The data -
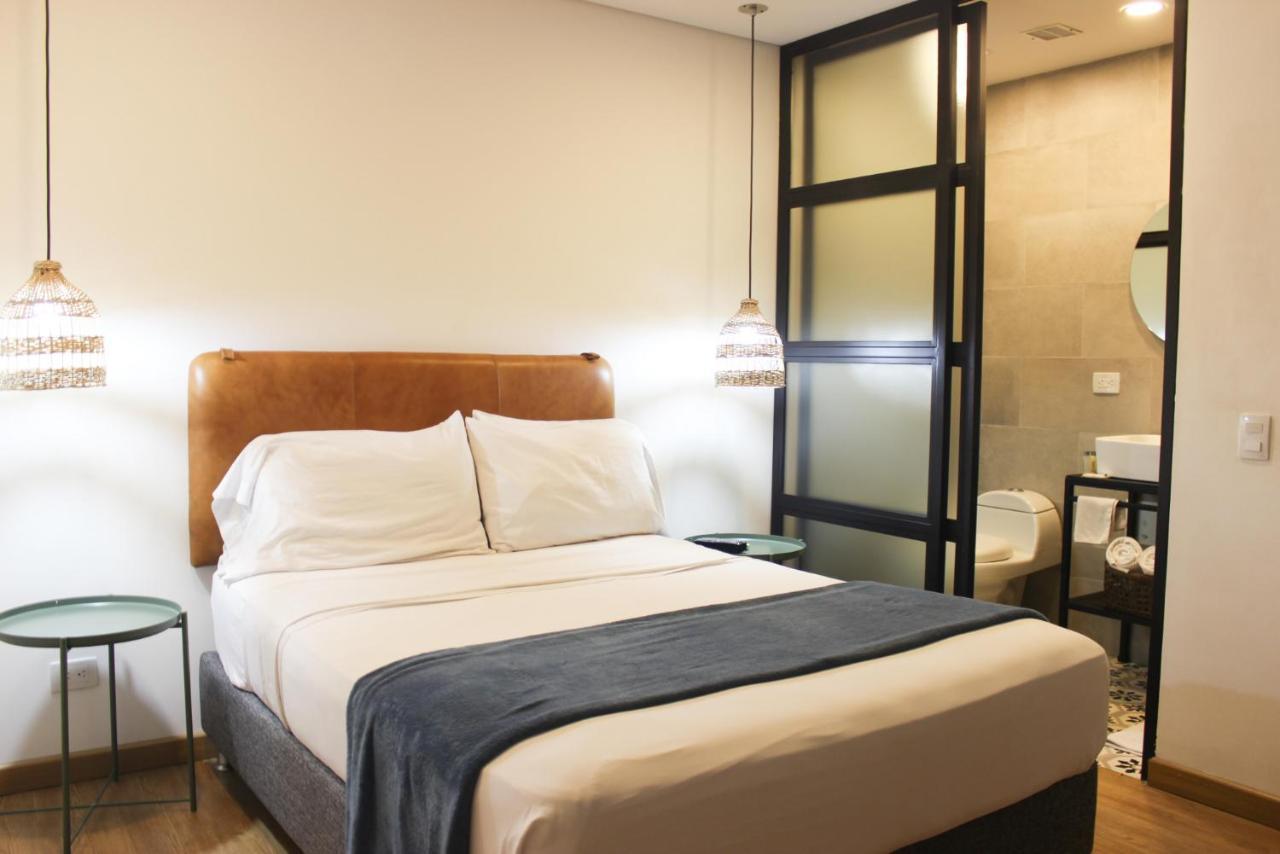 574 Hotel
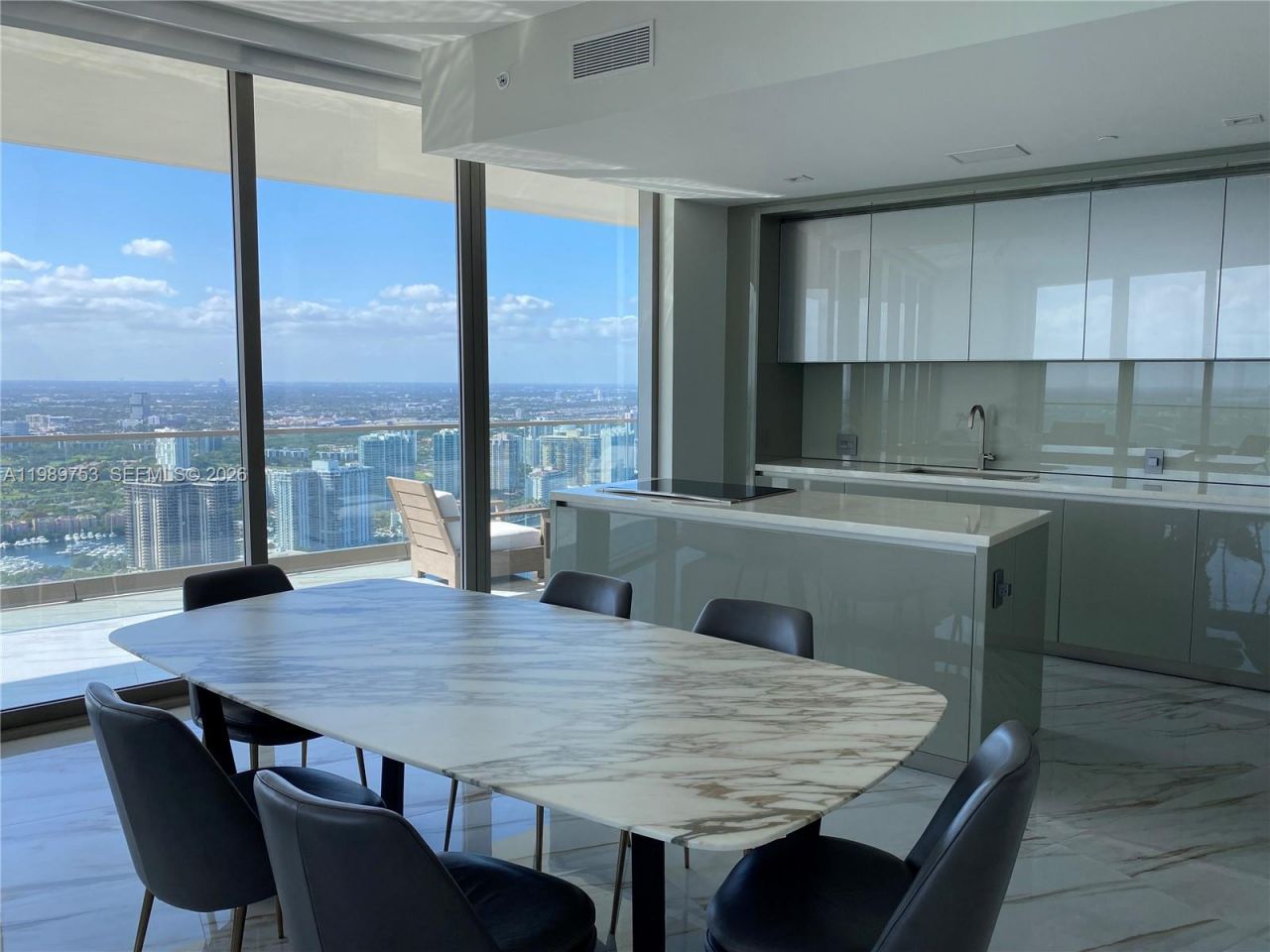 18975 Collins Ave , Unit 5105, Sunny Isles Beach, FL 33160 Photo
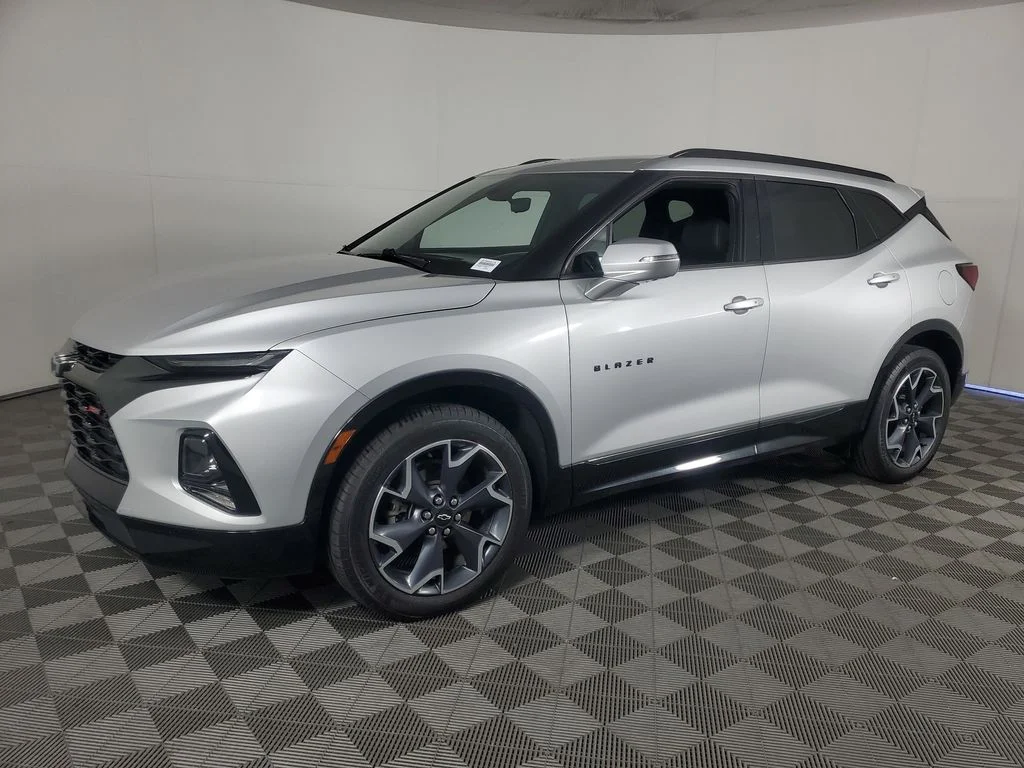 Used 2021 Silver Chevrolet RS image 8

What to produce -
Output the whole of the data, unchanged; keep the pictures out.

Reply -
 574 Hotel
 18975 Collins Ave , Unit 5105, Sunny Isles Beach, FL 33160 Photo
 Used 2021 Silver Chevrolet RS image 8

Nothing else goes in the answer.